Question

How do you find the slope and intercept to graph $2x - y = 1$?

Answer 1

Hint : In order to find the slope and intercept to graph the line $2x - y = 1$, we will convert the given line into the slope- intercept form i.e., $y = mx + b$. Then, we will compare both to determine the value of $m$ which is the slope and value of $b$ which is the $y$- intercept. Then, we know the $y$- intercept is the point where the line intersects the $y$-axis. And also, Slope is the ‘steepness’ of the line, also commonly known as rise over run i.e., $\dfrac{{rise}}{{run}}$. By using these we will determine the two points of the line and finally plot these graphically.
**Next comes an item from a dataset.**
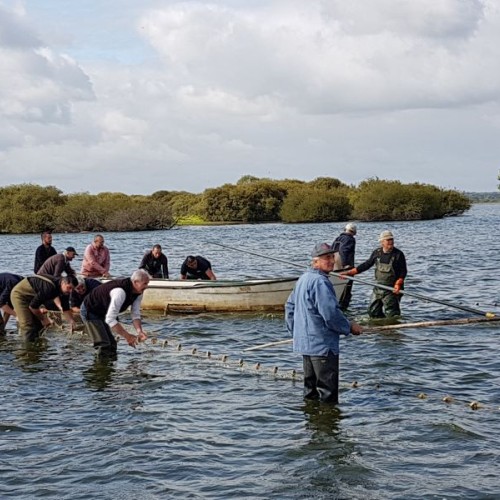 Les pêcheurs en fête au lac de Grand Lieu 🎣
Complete step-by-step answer :
Here, we will graph $2x - y = 1$.
Now, we will write the equation in the slope- intercept form i.e., $y = mx + b$ $\to \left( 1 \right)$
Where the $m$ is the slope
$b$ is the $y$- intercept
Then, we have $- y = - 2x + 1$
$- y = - \left( {2x - 1} \right)$
$y = 2x - 1$ $\to \left( 2 \right)$
By comparing equation $\left( 1 \right)$ and $\left( 2 \right)$, we have
$m = 2$ i.e., the slope of the equation
$b = - 1$ i.e., the $y$- intercept
The $y$- intercept is the point where the line intersects the $y$-axis.
Therefore, the point is $\left( {0, - 1} \right)$.
Slope is the ‘steepness’ of the line, also commonly known as rise over run i.e., $\dfrac{{rise}}{{run}}$. Here, $m = 2$ therefore, we can say that the graph “rise” $2$ point upwards and “runs” $1$ points to the right from the $y$- intercept.
Now, we know the slope and the $y$- intercept, thus we also know that $\left( {0 + 1, - 1 + 2} \right) = \left( {1,1} \right)$ which will also be on the line.
Now, we know two points of the equation i.e., $\left( {0, - 1} \right)$ and $\left( {1,1} \right)$.
Let us plot these points graphically,

Note : Equation of straight line is usually written in the slope-intercept form. When we are given an equation in slope- intercept form, we can use the $y$- intercept as the point, then out the slope from there. When an equation of a line is not given in slope-intercept form, our first step will be to solve the equation for $y$. Sometimes the slope intercept form will be called as $y$-form.